Down in the south, the international boxing champion Manny Paquaio has also decided to enter the political ring.
Celebrity, influence and family loyalties are at the centre of Philippine politics, where personalities count much more than policies.
But it is not all glitz and glamour – there is a dark side too. The Philippines is among Asia’s most vibrant democracies, but many election wins in the past have been soured by allegations of cheating, including the last poll in 2004, which the current President, Gloria Arroyo, narrowly won.
Despite her repeated denials, these claims of vote-rigging and corruption have dogged Mrs Arroyo throughout her presidency.
So this time the election commission is trying something different – a new automated voting system which it claims will minimise cheating and deliver results in just a few days, rather than the weeks it took with a manual count.
"The longer the results take to generate, the more doubt there is in the system, and the result of the election. By having the result at a faster time, you’ll eliminate the doubt," said the commissioner in charge of the project, Gregorio Larazabal.
But there are many critics who think this system could actually increase the possibility of vote-rigging, rather than reduce it.
Some say there will be problems in parts of the country that have electricity shortages – after all, you cannot vote electronically if there is no electricity.
Others question whether the $160m (£106m) project has been tested sufficiently – and a practice run earlier this week found serious faults with the memory cards, which are now being reconfigured.
International monitoring groups have also voiced concern about the complexity of automating a vote when there are so many candidates running for a mixture of local and national seats.
Fears of violence
If the voting machines malfunction, there is good reason to be concerned. Philippine elections are notoriously violent – both before, during and after the polls – and a contested result could mean lives are lost.
"Every election year in the Philippines we have cases of political killings – mostly related to local politics," said political analyst and journalist Marites Vitug.
"In the last elections, it may sound odd, but we celebrated that the number of killings had gone down to only 100."
This year, one incident has come to dominate discussions of pre-election violence.
In November, the bodies of 57 people were found in a shallow grave in the southern province of Maguindanao.
The victims had been on their way to register a local election candidate, and their killers are thought to have been part of an armed group linked to a rival candidate, from one of the most influential family clans in the area, the Ampatuans.
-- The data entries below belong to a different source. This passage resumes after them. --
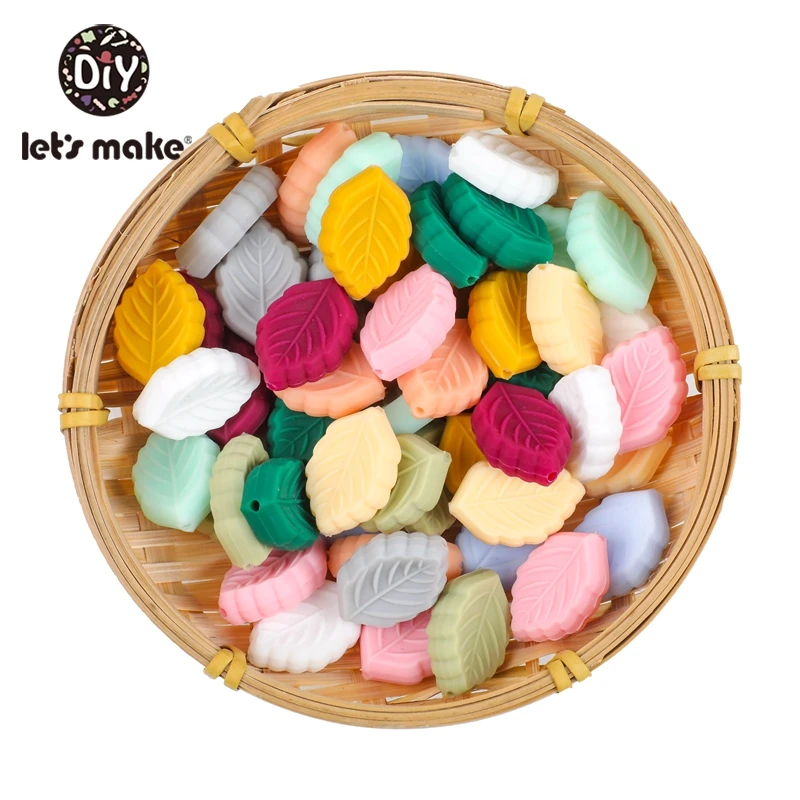 Let\'S Make 10Pcs Baby Silicone Teether Care Multiple Colors Small Leaves Silicone Baby Teether Oral Nursing Product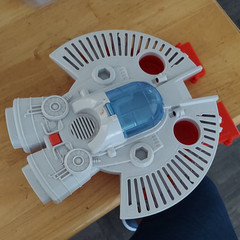 Action Figure Spaceship Accessory Vehicle Part w/ Blue Canopy, Plastic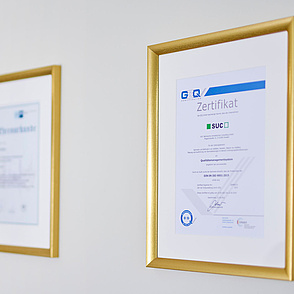 Abbildung Zertifizierung der SUC GmbH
It was the worst single case of political violence in the country in living memory, and the armed forces admit the killings were a wake-up call ahead of the polls.
"We can only assure our public that we’re doing everything possible so as not to have a repeat of that time," said spokesman Colonel Ricardo Nepomuceno.
Both the army and police have now tightened security, increasing the number of patrols and checkpoints, and implementing a ban on civilians carrying guns – but they know that clans still have a powerful influence.
Despite the massacre, there are still more than a dozen Ampatuan family members running for local office – some of whom are currently in custody on charges relating to the killings.
In this election, it seems that powerful clans have as much influence locally as celebrities and family dynasties do nationally.